Most Americans do not realize that our war fighters rely on government contractors. Many of these contractors represent US-based small businesses. The problem is they are silently being squeezed. It’s an emergency with global implications that needs to be addressed.
The number of small businesses serving the defense industrial base has declined by more than 40% since 2010. This is not a problem unknown to the Pentagon. In fact, the Department of Defense (DoD) acknowledged that if this trend continues, we will lose an additional 15,000 of these US based businesses over the next decade. That cannot be allowed to happen.
These small businesses do everything from designing and building drones to survey activity in Ukraine to using artificial intelligence to stay ahead of North Korea’s growing nuclear arsenal. In Afghanistan, the government contractors I worked with helped with critical supply chain issues.
Most Americans are familiar with the names of the large, multi-billion defense contractors, like Raytheon and Boeing, but few people realize that much of the research and development our government relies upon comes from small businesses thought leaders.
On this, Deputy Secretary of Defense Dr. Kathleen Hicks said, “Small businesses are vital along the entire spectrum of the Department’s needs,” adding that small businesses increase “our warfighter advantage.”
Here in Dayton, home of Wright Patterson Air Force Base, there are small businesses supporting the Air Force, the Central Intelligence Agency, the Federal Bureau of Investigation, the State Department, the Department of Health and Human Services, the Department of Veterans Affairs, and others.
David Judson, a former Air Force officer who founded JJR Solutions 14 years ago, is just one example in Ohio of this kind of business. Judson started his service-disabled veteran-owned company as the only employee. This is a very common launch of a small business serving DoD.
JJR now has 80 people in Dayton and around the country. Judson dedicates 10% of JJR’s gross operating margins every year to local nonprofits in Ohio. Among the company’s many contracts is work with the Space Force, testament to JJR’s future-oriented posture.
Nationally, small businesses like JJR make up 99.9% of all U.S. businesses and 73% of companies in the defense industrial base. “As the economic engine of our nation, small businesses create jobs, generate innovation, and are essential, daily contributors to national security and the defense mission,” explains the DoD website.
Given their importance not only to national defense but also to our local and national economy it’s time to relieve the business pressures on these small businesses so that more of them can thrive.
One of the most challenging issues these businesses face is the web of rules and regulations which force them into being “sub-contractors.” A sub-contractor works for a much larger business, often a multi-billion defense contractor.
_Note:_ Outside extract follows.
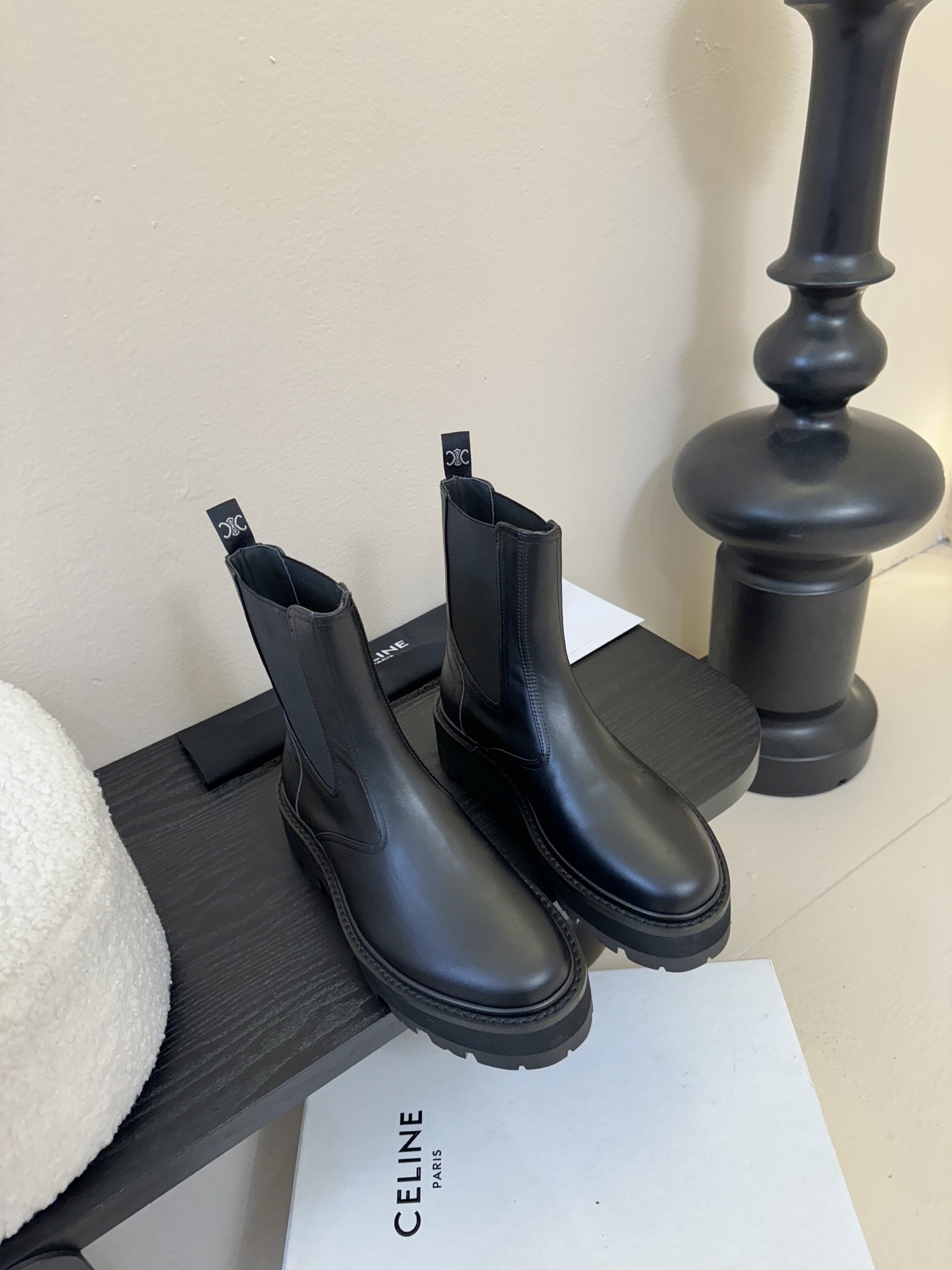 CELINE塞琳 25秋冬新款杨幂同款 短靴 凯旋门英伦风短靴 简约大气时髦 耐看不过时 是时尚圈永不退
This “sub work” is not as desirable as “prime work.” To put it bluntly, prime contractors enjoy the have more stable contracts, often better margins and the desirable business terms, such as speed of payment. Sub-contractors can see their contracts cancelled, usually have lower margins and worse business terms.
At my job, I work with small business owners every day who provide either services or products to the federal government. These companies struggle to compete with the “bigs”—they cannot show the same level of past performance as a multi-billion-dollar entity. They find themselves with something of a chicken-and-egg problem. Without the past performance to handle a multi-million-dollar job they can’t get a prime contract. Without a prime contract they can’t get the past performance.
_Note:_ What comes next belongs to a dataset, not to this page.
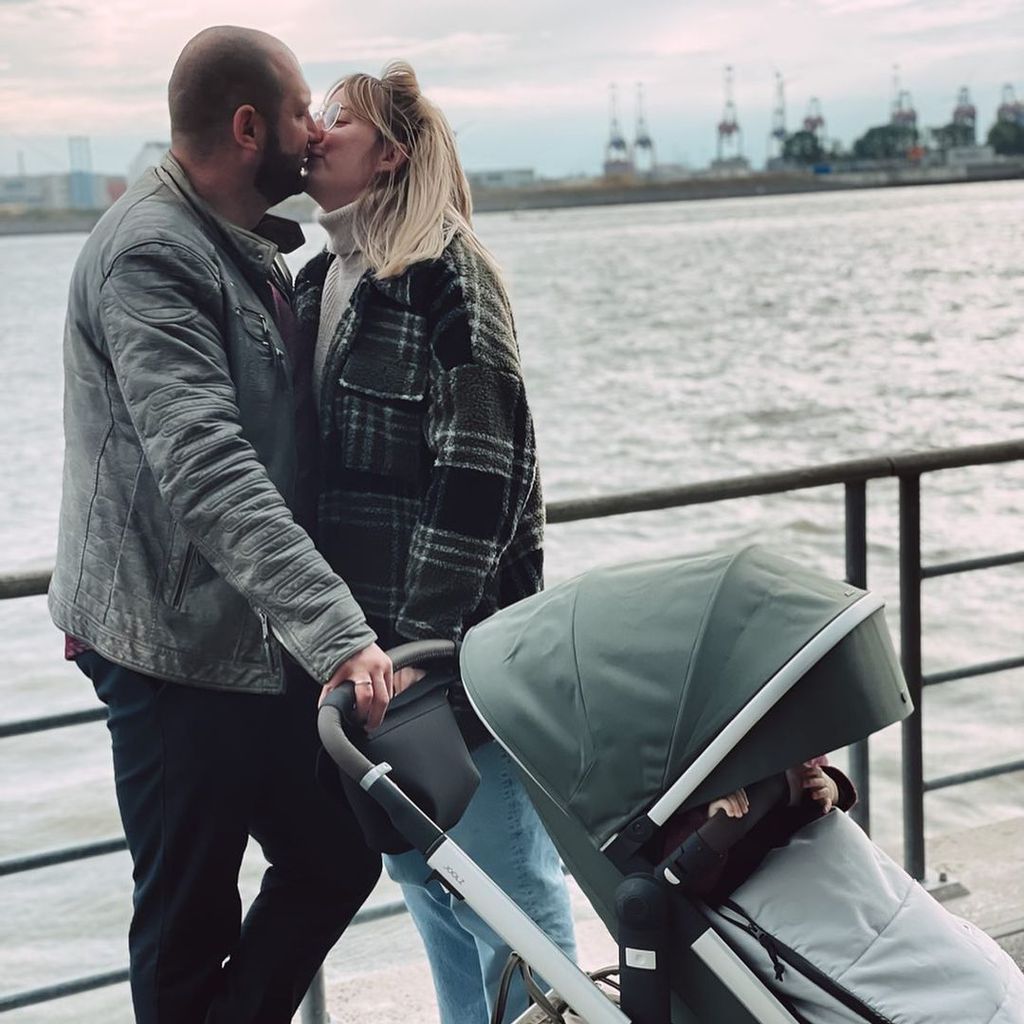 Philipp und Melissa mit ihrem Baby im Oktober 2021 in Hamburg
Rules such as those governing “past performance” were intended to safeguard the government but have had a perverse effect. They have essentially created a glass ceiling that’s difficult to break instead of helping small businesses grow into mid-size businesses.
From my time in Afghanistan, I know the threats of today will shift tomorrow. The recent events in Russia make clear how quickly the calculus can change abroad. At a time when America faces complex threats from both state and non-state actors, it’s time to ease the regulatory burden on America’s small businesses.
Branden Irvine is Director of Client Services at sbLiftOff, a national mergers and acquisitions advisory firm, specializing in commercial and government contracting companies. Irvine served as an Officer in the Army’s 10th Mountain Division and was awarded a Bronze Star for his service in Afghanistan. He lives in Ohio.